Numbers are important in politics.  One reason is that they help win elections.  Campaigns must know voter breakdowns, where to spend time and dollars, and where they need additional manpower.  The four M’s of winning an election are money, message, machine (that is, campaign organization), and math.

But numbers are also important for shaping policy.  Here, I’m talking about the general use of statistics. We throw out numbers left and right in order to support our positions.  Indeed, we seek out the numbers which support our positions and ignore those that don’t, rather than allow numbers to inform our positions.

Generally, there is nothing wrong with this practice, but we must examine more carefully the statistics we believe in and use.

One Set Of Numbers, Two Conclusions

How can it be that those on either side of any ideological perspective can examine a set of numbers and reach different conclusions about what the numbers say?  The most obvious answer is the reader or user’s own biases.

One example is the wage gap debate (which I’ve written about recently).  Wage gappers interpret data that highlights differences in men’s and women’s pay as indicative of sexism in the workplace.  The numbers themselves indicate no such thing, but people interpret them in their own way.  In this case, there is not necessarily a failure in the numbers, but rather in their use.

This is a very common problem in political discourse.  In fact, I believe that 91% of liberals do this on a daily basis.

What Do These Numbers REALLY Say, Anyway?

Another more serious problem with statistics occurs with their actual creation.  Statisticians, scientists, and others who collect data often fail to do so accurately.

Darrell Huff, author of the excellent book titled How to Lie With Statisticsoffers a helpful example called the “sample with the built-in bias.”  It goes something like this: The average Yale graduate of 1924 makes $25,111 per year.  “What does this number mean?” asks Huff.  Does it mean that we ought to send our boys to Yale?

Huff says two things about the sample figure are suspicious.  First, it is oddly precise.  It’s unlikely that yearly income of any group can be accurately known down to the dollar.  Huff points out that “It is unlikely that you know your own income from last year down to the dollar like that, unless it were all salary.” Incomes that large ($25,000 was a lot of money back then) are likely not all salary, but may also be made up of investments.

The second–and more important–problem with the above sample statistic is the sampling procedure.  Is the sample accurate?  How many class members could reasonably have been contacted?  What kind of people would actually respond to a survey letter asking about income?

Huff argues that only those with high incomes would have responded to the survey, because they have something to boast.  Those with lower incomes have less incentive to respond, whether out of shame or any other factor.  Therefore, the sample is likely not representative of the whole.

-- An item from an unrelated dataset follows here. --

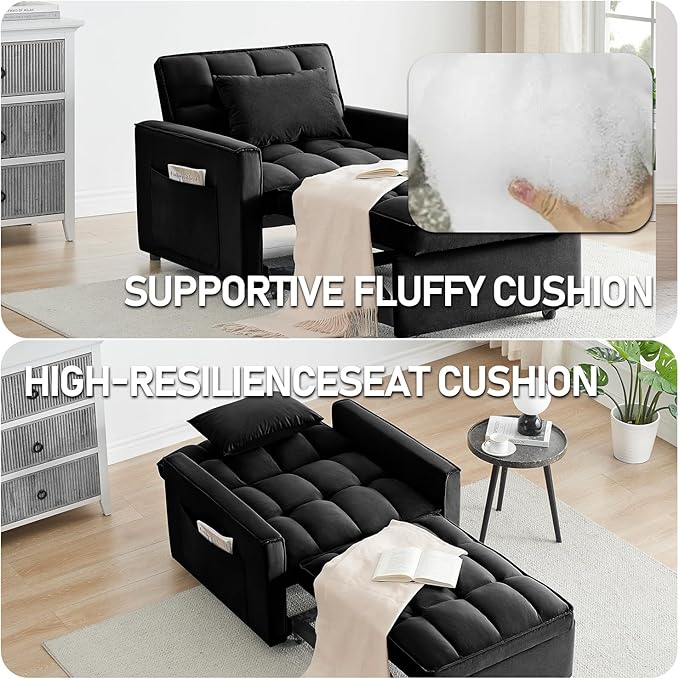 3 In 1 Velvet Convertible Sofa Bed Pull Out Couch Bed with Reclining Backrest And 2 Pillows 54 Full Size Loveseat Sleeper Sofa Futon Couch Bed Couches For Small Spaces Living Room (Black②)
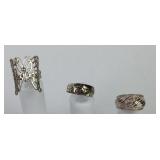 (3) sterling rings sizes 7, 8 & 9. Total weight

The conclusion that readers can draw is that the average comes from what some graduates said that they earned.  Some answers could be generalizations, and others could be more precise.  Also, as we know, some people might inflate and others might minimize what they make, for whatever reason.

Be Critical Of Your Data

Huff offers many other examples to show how frequently statistics are poorly created.  The point is that anybody can say anything they want to say with numbers.

It is imperative that we closely examine statistical information.  We have to ask ourselves how it was gathered and carefully examine what it actually says before trusting that it is true.